Jaspal Atwal was photographed with Justin Trudeau's wife, Sophie in Mumbai.


New Delhi: 

Highlights

  1. India trying to figure how its officials ended up giving a visa
  2. Jaspal Atwal not on blacklist to ban people from entering India
  3. The list has been heavily pruned on several occasions
Jaspal Atwal, whose presence at an event attended by Canadian Prime Minister Justin Trudeau became a huge embarrassment for the visiting delegation, was not on the Home Ministry's much-pruned blacklist of individuals banned from entering the country.

Canada has described the invitation to Jaspal Atwal an oversight by its officials. But New Delhi says it is still trying to figure how its officials ended up giving a visa to the man convicted for trying to kill the then Punjab Minister Malkiat Singh Sidhu in 1986.

The Home Ministry, which maintains a secret list of blacklisted individuals, says Jaspal Atwal wasn't on this list for Indian-origin foreigners from Punjab, according to news agency IANS.

But it is trying to confirm when he got off the list.

The list has been heavily pruned on several occasions, sometimes on directions of the human rights watchdog and at others, under pressure from Punjab's political parties who want the centre to take a lenient view of people who may have once sympathised with a pro-Khalistan sentiment.

PM Modi's office too had pushed for pruning the list back in 2015 after his first visit to Canada. In 2016, his government told parliament that it had removed 225 names from this blacklist under a review triggered by a request from then Punjab Chief Minister Parkash Singh Badal.

It wasn't such a bad idea, suggested Vishnu Prakash, the former high commissioner to Canada, pointing that people had gotten into this list because they may have issued statements when the separatist Khalistan movement was its peak back in the eighties.

But Vishnu Prakash underlined that people known to have indulged in terrorism weren't meant to get off this blacklist.

The existence of the blacklist, often also called the negative list by the Home Ministry, that had been created in the late eighties is said to have become public only in the nineties when many Sikhs, found their visa requests repeatedly rejected.

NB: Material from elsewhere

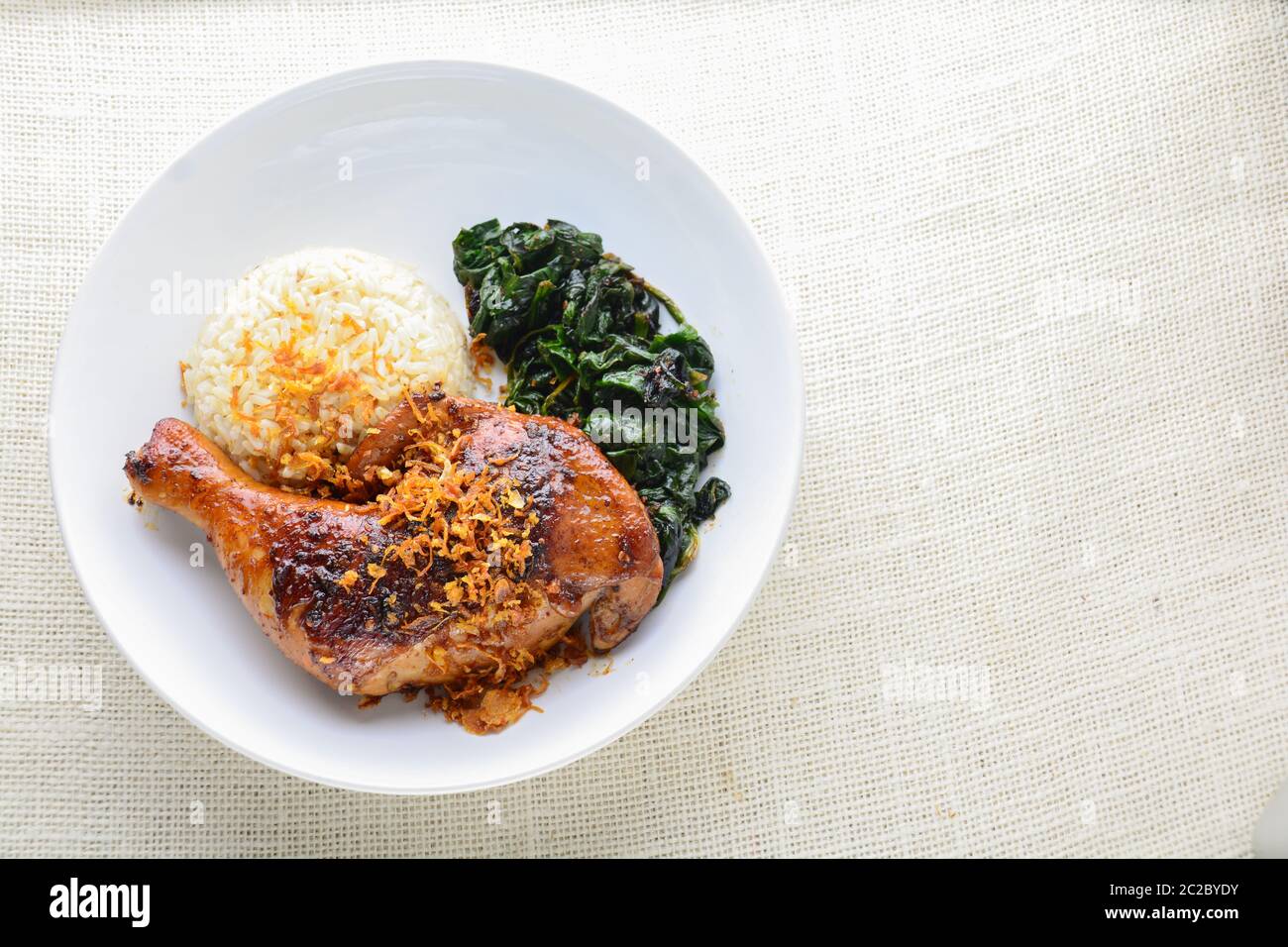 Chicken drumstick marinated with spicy chilli sauce and herbs, served with cooked rice and spinash. Stock Photo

As the pressure to review the list grew, the Atal Behari Vajpayee government slashed the list from a high of 489 names in 1998 to 134 people in 2003.

Over the next few years, the list got longer again leading to renewed demands for a review.
In 2011, some 170 more names were removed again.

Officials have suggested that the exercise to ascertain when Jaspal Atwal's name was removed from the blacklist, if he was ever in this list, could lead security agencies to add more names to this list.